Дело в том, что Данилу Даниловича Лидера, о котором я вам рассказывал, в конце войны взяли художником в драматический театр в Челябинске. И вот как-то после первого курса я возвращался из дома в музыкальное училище и по дороге заехал к нему в Челябинск. Прихожу, а у него дома сидит какой-то сказочный человек с огромной шевелюрой. Это был дирижер Шерешевский, профессор Московской консерватории. Они были давно знакомы. Шерешевский тогда ездил по России, искал таланты для консерватории, а тут на ловца и зверь бежит. Данила говорит ему: «Видишь, певец пришел». – «Как певец?» И мне: «Что ты поешь?» – «Я много чего пою». – «Ну давай».

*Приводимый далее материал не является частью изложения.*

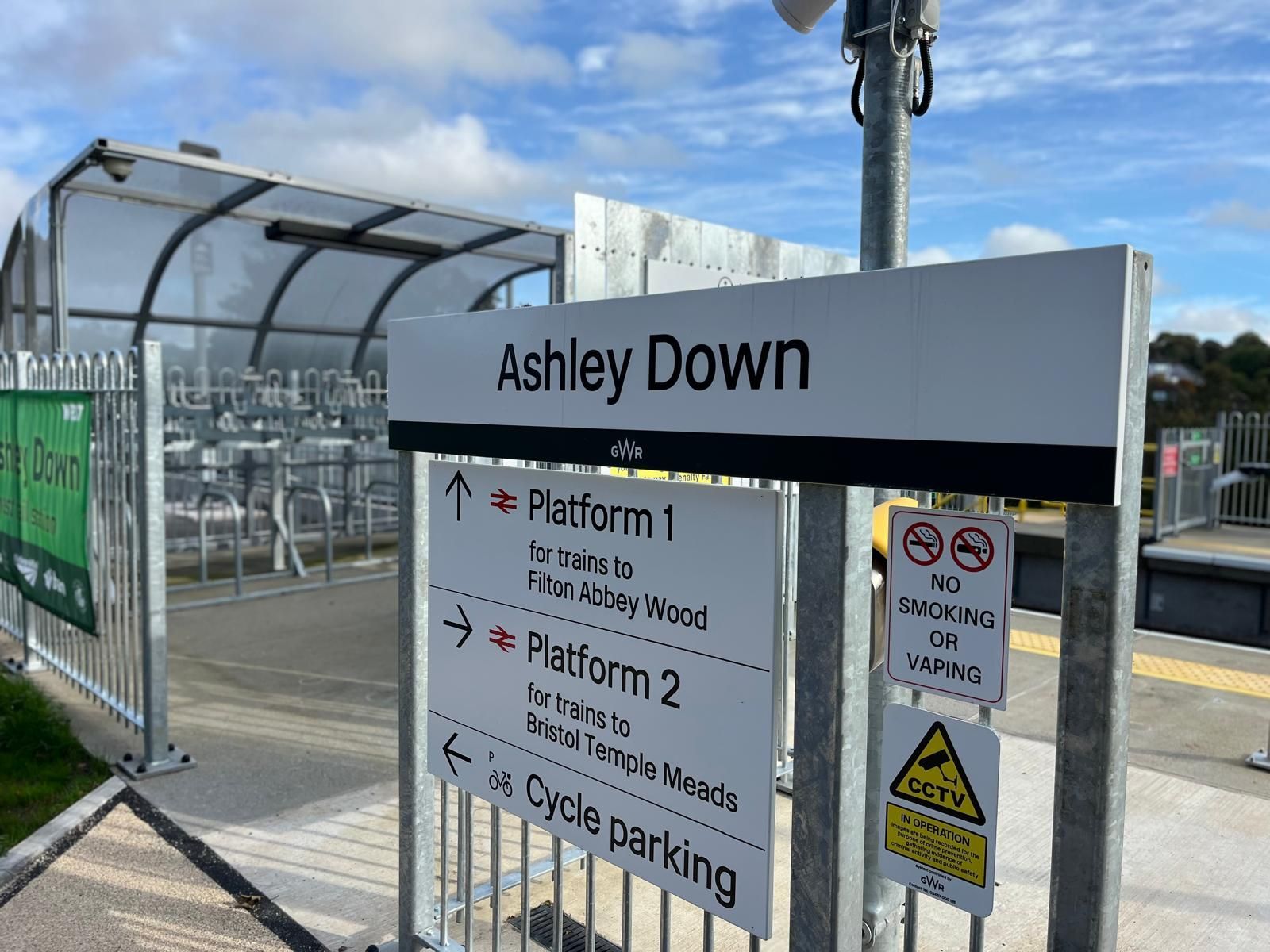Sign for Ashley Down train station, directing to platforms and cycle parking.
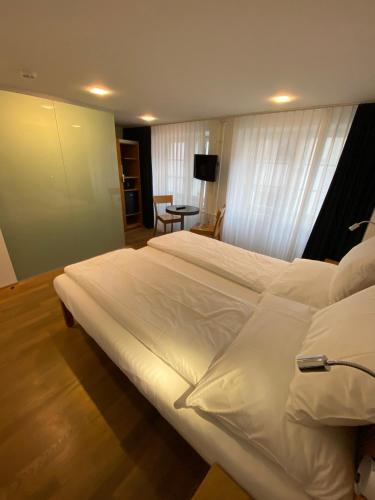 a large white bed in a hotel room at Hotel Lestelle - self check-in in Luzern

В партии Пимена в опере “Борис Годунов”/Лариса Педенчук
Я ему спел «Благословляю вас, леса» Чайковского. Он загорелся: «Давай к нам в Московскую консерваторию, у нас сейчас как раз прием». Но я сказал: «В Москву не хочу, поеду в Киев к Паторжинскому, мне нравится, как он поет». Отказал ему.
И вот поехал в Киев, а денег хватило только до Москвы. Первый раз в Москве. Думаю: интересно, что за консерватория. И с Казанского вокзала пешком дошел до консерватории. С чемоданом!
Еще только рассветало. Вокруг Чайковского цвели акации, скамейки из реек стояли. Я положил чемодан на скамейку и уснул. Вдруг кто-то будит, уже часов в восемь. Открываю глаза и вижу копну волос: это Шерешевский! «Ты приехал к нам в Москву?» – «Нет, – говорю, – только остановился тут. Я до Киева еду». – «А почему здесь оказался?» – «Денег хватило только до Москвы. Где-то придется стоять с фуражкой, деньги собирать, чтобы купить билет». – «Да брось ты с этим Киевом! У нас не хуже певцы преподают. Давай!»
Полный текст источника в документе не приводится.